# Thank you all



## DoveEnigma13 (Oct 31, 2013)

I was a lurker here during my problems with my wife's infidelity. I just want to thank everybody here for helping me out more than you will ever know.

You are the reason I had enough strength to end my suffering and seperate and file for divorce. Many of you had similar stories that I could relate to, and many had great advice on finding evidence and how to differentiate the difference between words and actions.

You are all my heroes.


----------



## badmemory (Jul 31, 2012)

On behalf of the academy, I accept your thanks.
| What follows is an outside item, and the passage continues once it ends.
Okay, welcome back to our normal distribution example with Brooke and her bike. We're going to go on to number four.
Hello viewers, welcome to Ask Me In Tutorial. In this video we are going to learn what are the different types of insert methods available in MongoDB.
Good for you and good luck. You should post your story.


----------



## ConanHub (Aug 9, 2013)

I agree with BM. Everyone here learns from every experience shared.
_Posted via Mobile Device_


----------



## Clay2013 (Oct 30, 2013)

I agree too. This site and people here help me as well. So I would like to say thanks.

Clay


----------



## manticore (Sep 3, 2013)

Is amazing how someone can learn from others experiences to not walk the same destructive path, I think the 180 Guide is the best example of all the pain that many BS had to endure before learning what actually gives real result (either way for reconcilation or divorce)


----------



## verpin zal (Feb 23, 2013)

When can we hear about your story then?

"And the man lived happily and separately ever after" is always welcome around here.


----------



## DoveEnigma13 (Oct 31, 2013)

My story really isn't that much different or worse than anybody else's here.

I'm pretty dense when it comes to seeing problems, so I was completely blindsided. Hindsight I first noticed there was a problem when she posted pictures from Easter on her facebook. I was in none of them. I didn't think much of it then.

About a month later roughly, she was out running. She did go out to exercise, so I didn't see anything wrong with it. I decided to see how far she had left on her run by checking the find my iphone app on her ipad, and noticed her blip in the middle of the desert. I kept watching it hoping it was a glitch, saw it leave the area, and stop at a house for a few minutes while she was on her way home. I used google maps to find the address and searched public records to find out the name of the owner.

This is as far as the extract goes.